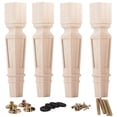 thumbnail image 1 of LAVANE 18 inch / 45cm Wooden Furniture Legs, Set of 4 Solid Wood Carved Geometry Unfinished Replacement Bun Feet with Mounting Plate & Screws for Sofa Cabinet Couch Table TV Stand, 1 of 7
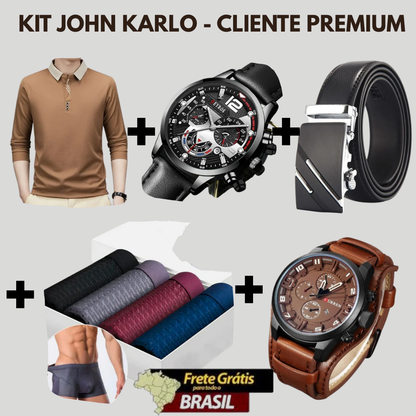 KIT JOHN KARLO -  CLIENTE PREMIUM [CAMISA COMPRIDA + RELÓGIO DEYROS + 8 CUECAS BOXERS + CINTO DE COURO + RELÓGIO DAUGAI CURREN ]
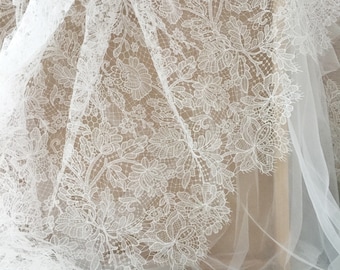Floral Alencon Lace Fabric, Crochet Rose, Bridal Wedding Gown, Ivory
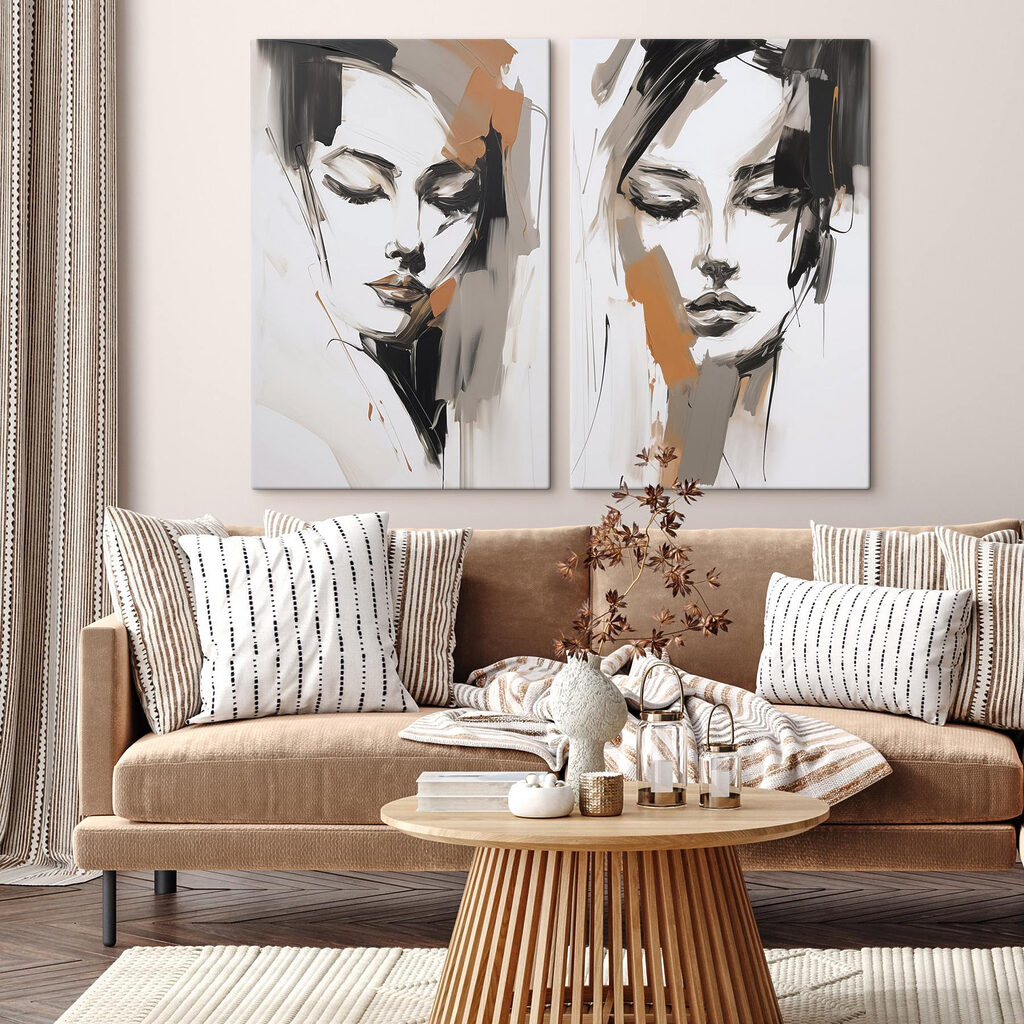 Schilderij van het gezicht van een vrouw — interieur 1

--

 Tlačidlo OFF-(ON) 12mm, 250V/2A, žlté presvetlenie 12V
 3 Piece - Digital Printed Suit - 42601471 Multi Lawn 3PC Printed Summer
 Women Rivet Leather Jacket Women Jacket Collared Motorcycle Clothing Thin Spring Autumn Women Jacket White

• _EXERCISE DIRECTIONS_
From the entries above, print the lines beginning at the one with "Tlačidlo OFF-(ON) 12mm, 250V/2A, žlté" and stopping after the one with "Women Rivet Leather", exactly as written and with nothing else.

• _TASK OUTPUT_
 Tlačidlo OFF-(ON) 12mm, 250V/2A, žlté presvetlenie 12V
 3 Piece - Digital Printed Suit - 42601471 Multi Lawn 3PC Printed Summer
 Women Rivet Leather Jacket Women Jacket Collared Motorcycle Clothing Thin Spring Autumn Women Jacket White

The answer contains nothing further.